Augmented Dickey Fuller Test (ADF Test): ADF Test is being used to check the stationarity of the data. If p value is <0.01 then data should be considered as stationary. In R, “auto.arima” function is transforming the data into stationary if it is nonstationary.
R is showing the following statistical parameters to check the model accuracy as output of ‘accuracy’ function.

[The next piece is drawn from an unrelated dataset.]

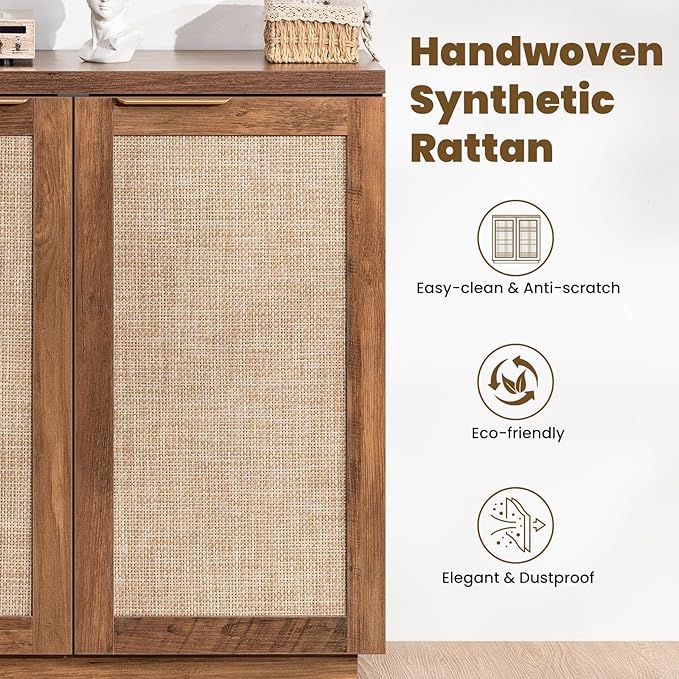HOMMPA Rattan Sideboard Buffet Kitchen Storage Cabinet with Doors Boho Large Wood Cabinet with Adjustable Shelves for Dining Room Kitchen Living Room Hallway Entry Natural Brown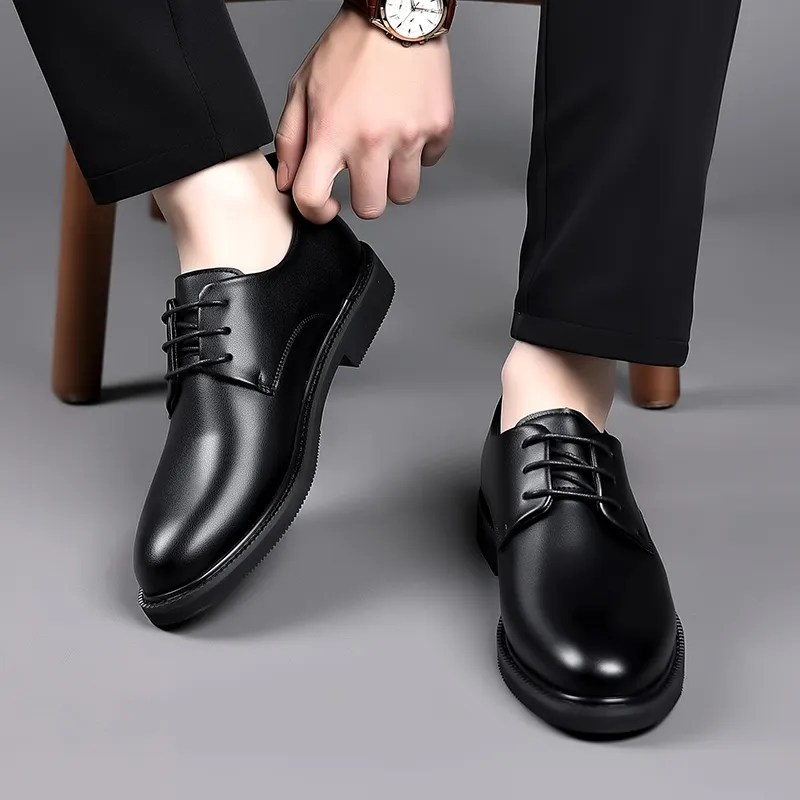 HUANAI Dress Shoes Men Low Top-4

MAPE (Mean Absolute Percentage Error)
RMSE (Root Mean square Error).
MAE (Mean Absolute Error)
MAD (Mean Absolute Deviation)
MASE (Mean Absolute Scaled Error)
ACF1 (Autocorrelation Coefficient)
Among all the parameters for accuracy testing, MAPE (should be <5) is most significant to check the accuracy. All the statical parameters are showing less value for ARIMA model for all four cities which means that the accuracy of the model is good and acceptable.
Also performed Box-Ljung test to check the p value of the model.
R Output:
ADF Test
Accuracy Test
Box Ljung Test
Comments- ADF testing output (p value) is showing that the data is stationary. MAPE is 3.52 which is within the range (<5 or 5%). Also, p value (p<0.05) defines that the model is statistically significant.
Conclusion
We have discussed the entire details of ARIMA model and Time Series Forecasting with R. Also, mentioned the codes so that you can apply the codes to do prediction on your data.